• _Work item_
What is needed is an exact copy of the records below, without the pictures.

• _Data shown_
---

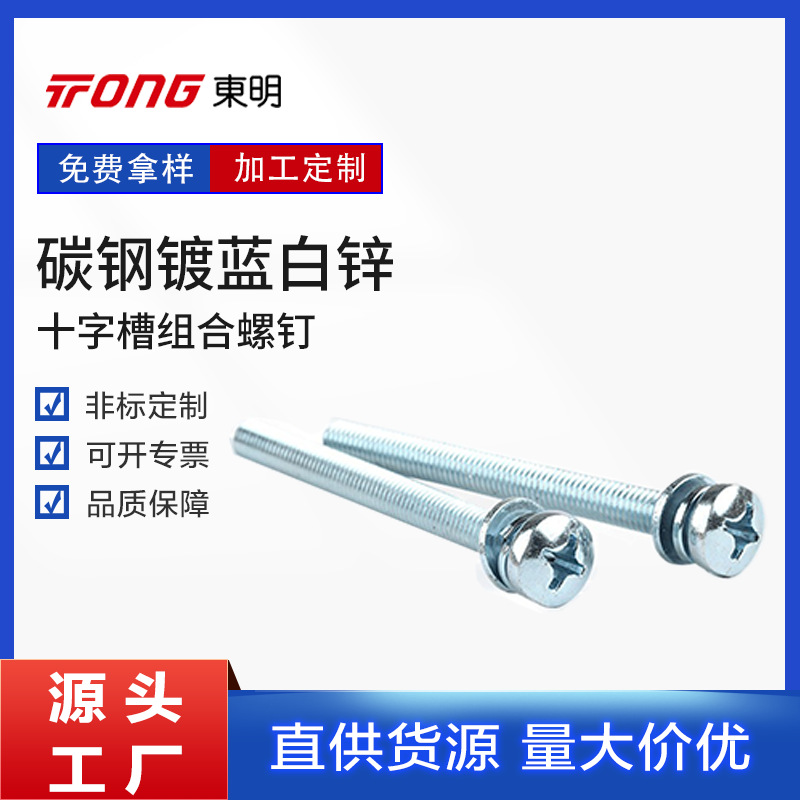 盘头组合螺丝 十字槽盘头带平弹垫组合件螺钉 长柱形螺钉带垫圈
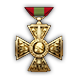 Achieve medal icon 54 2.png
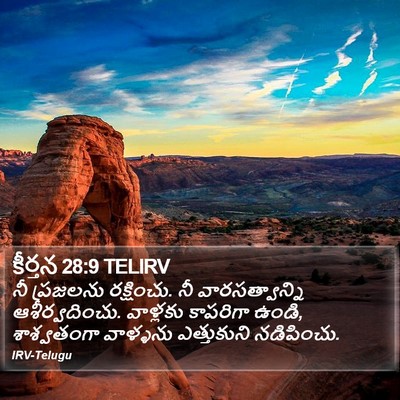 కీర్తన 28:9 TELIRV Bible Verse Image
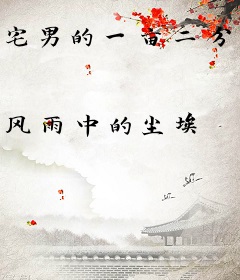 宅男的一亩二分地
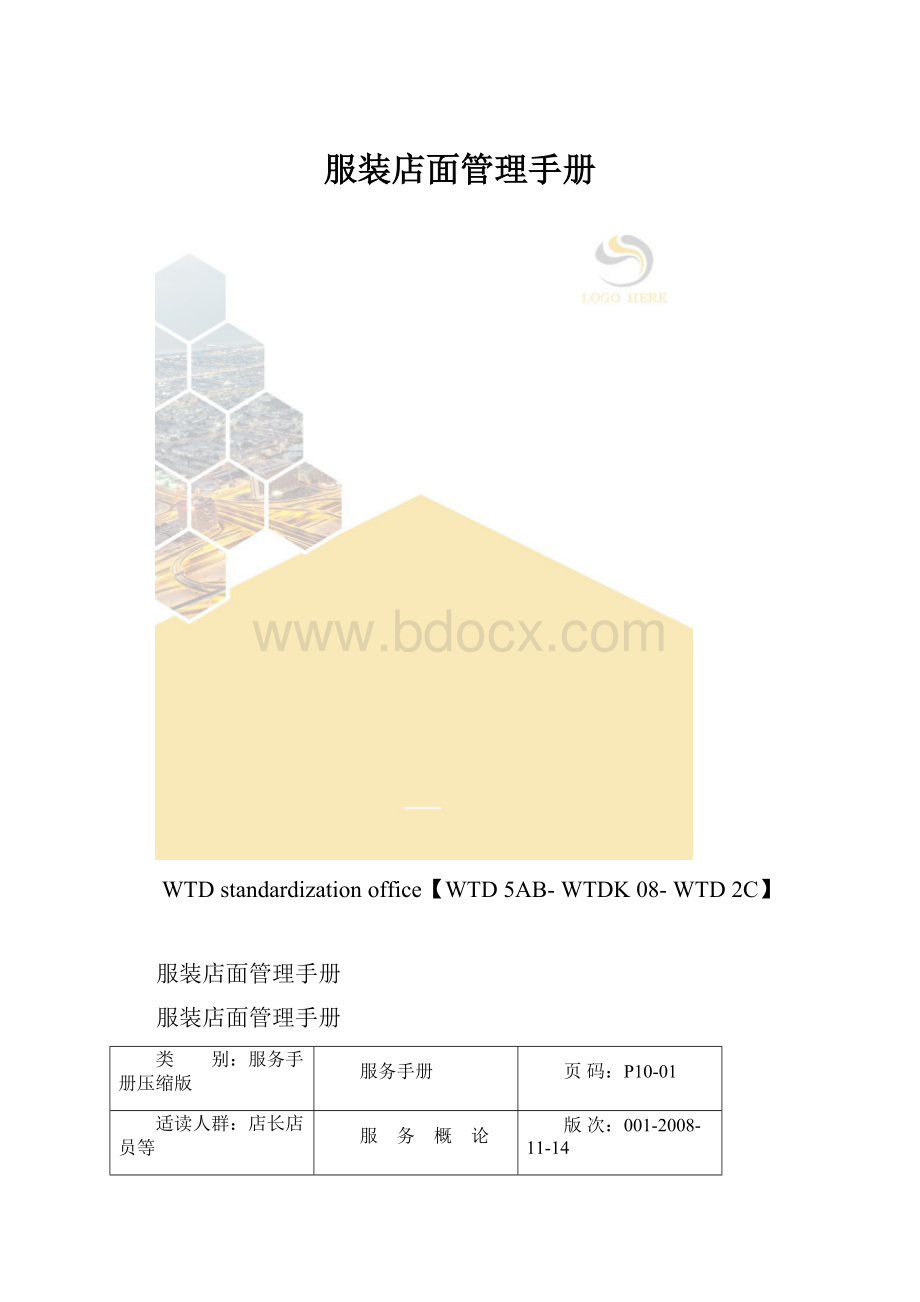 服装店面管理手册.docx_第1页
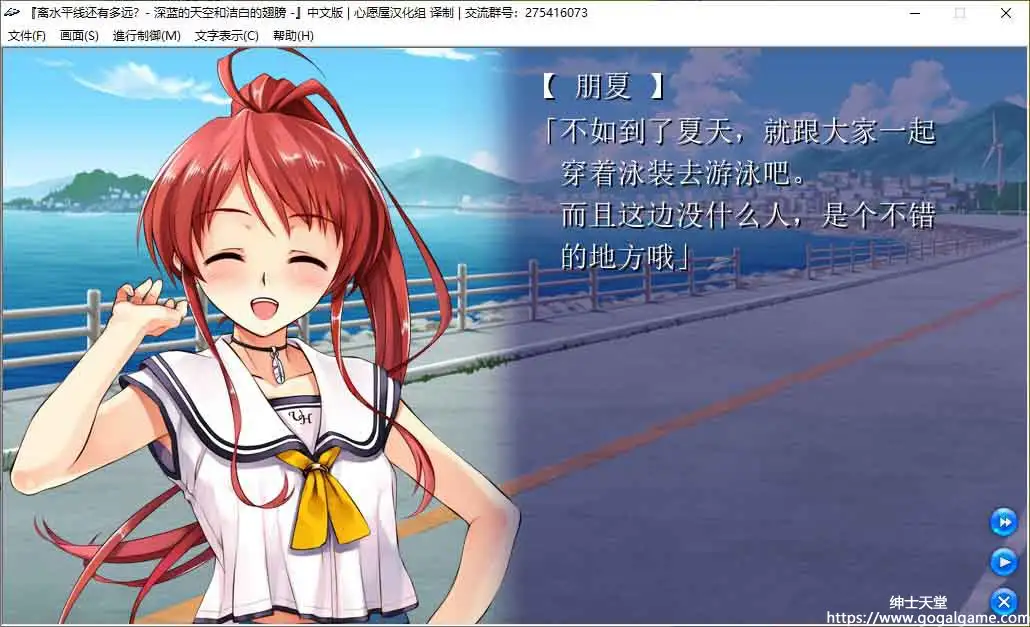 [ABHAR]水平線まで何マイル？ &#8211; Deep Blue Sky ＆ Pure White Wings &#8211;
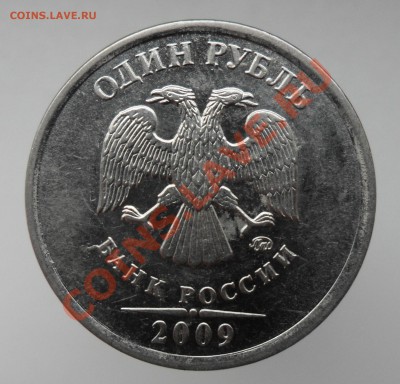 1руб. 2009г. ммд. брак? - 4
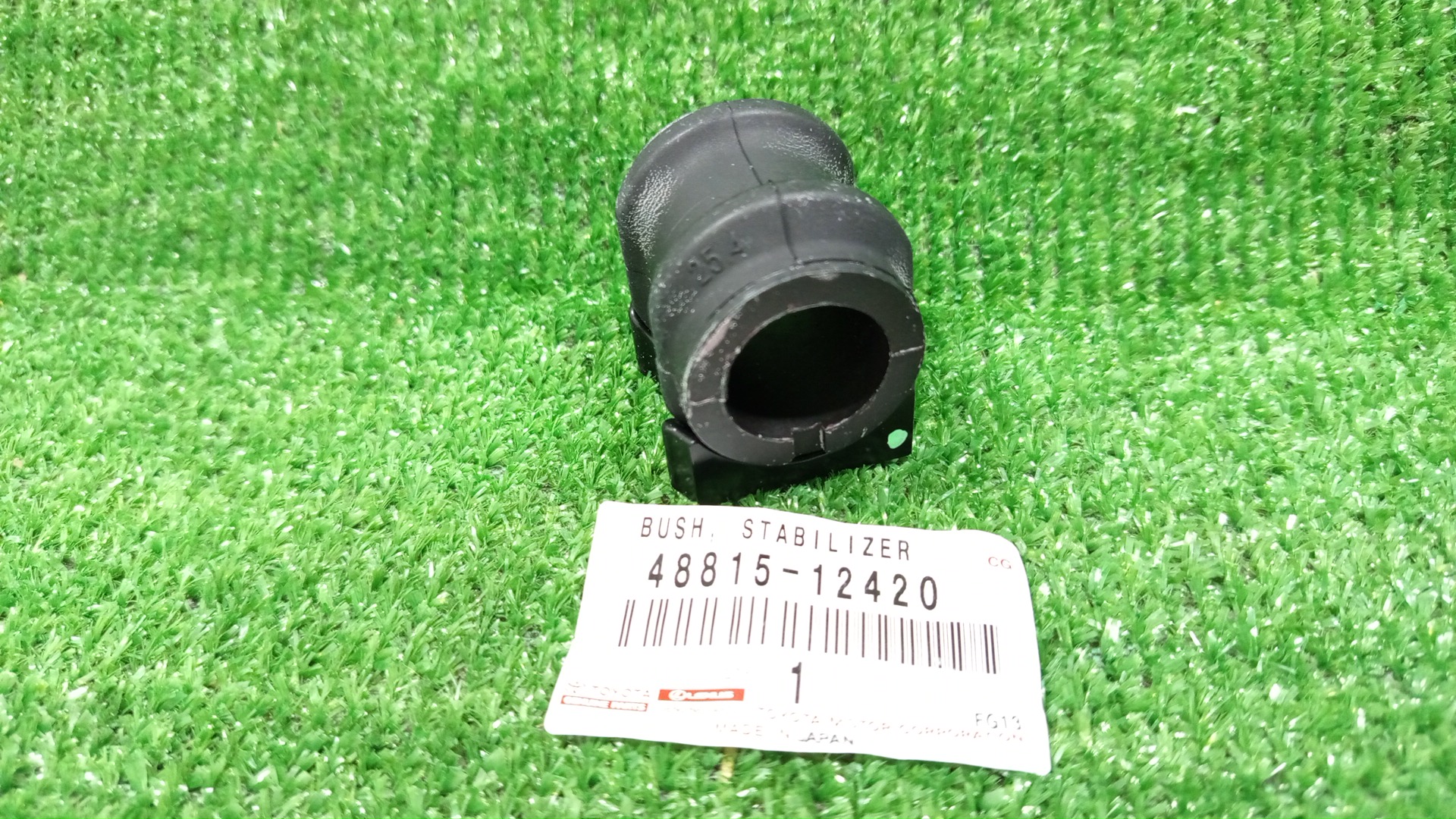 Втулка стабилизатора передняя TOYOTA COROLLA NRE210 48815-12420 1 ракурс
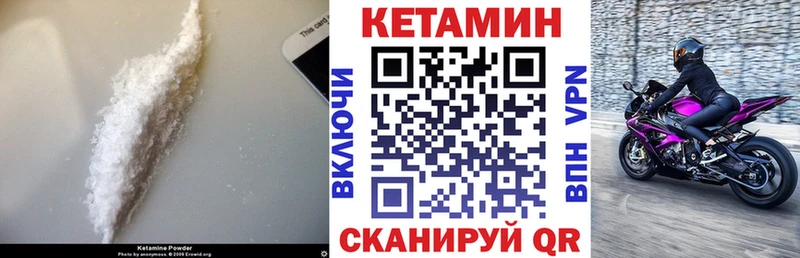 сколько стоит  Колпашево  hydra tor  КЕТАМИН VHQ 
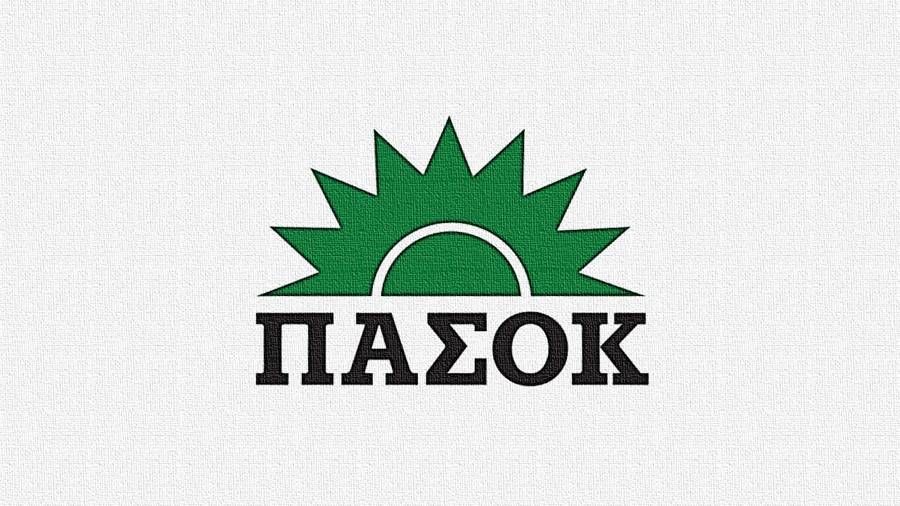 p&Alpha;sok-&ndash;-kin&Alpha;l-s&Alpha;mou-deep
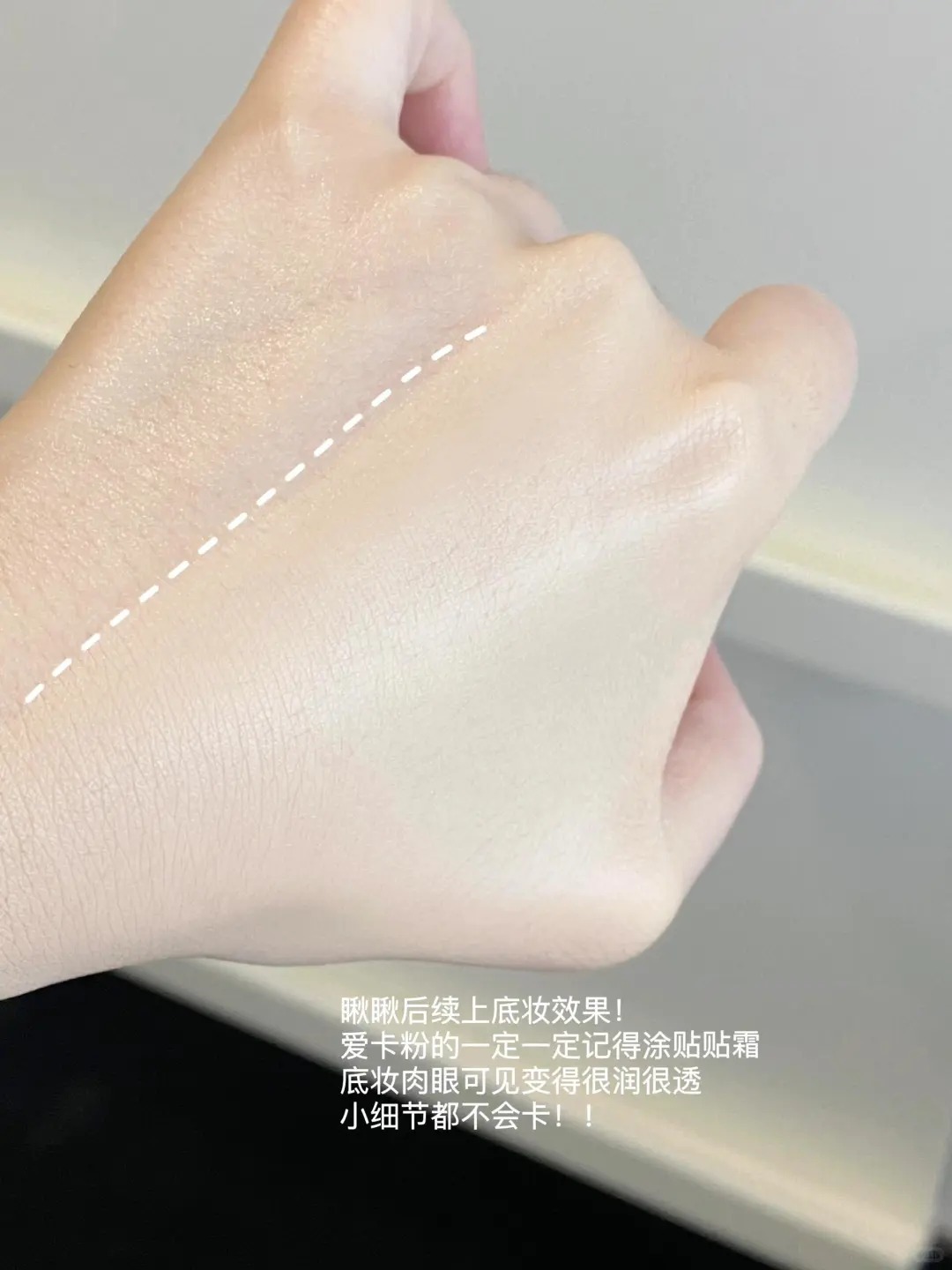 干皮卡粉拜拜👋🏻服帖底妆30s拿捏!_6_那柚NEIYOU_来自小红书网页版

---

• _Solved problem_
 盘头组合螺丝 十字槽盘头带平弹垫组合件螺钉 长柱形螺钉带垫圈
 Achieve medal icon 54 2.png
 కీర్తన 28:9 TELIRV Bible Verse Image
 宅男的一亩二分地
 服装店面管理手册.docx_第1页
 [ABHAR]水平線まで何マイル？ &#8211; Deep Blue Sky ＆ Pure White Wings &#8211;
 1руб. 2009г. ммд. брак? - 4
 Втулка стабилизатора передняя TOYOTA COROLLA NRE210 48815-12420 1 ракурс
 сколько стоит  Колпашево  hydra tor  КЕТАМИН VHQ 
 p&Alpha;sok-&ndash;-kin&Alpha;l-s&Alpha;mou-deep
 干皮卡粉拜拜👋🏻服帖底妆30s拿捏!_6_那柚NEIYOU_来自小红书网页版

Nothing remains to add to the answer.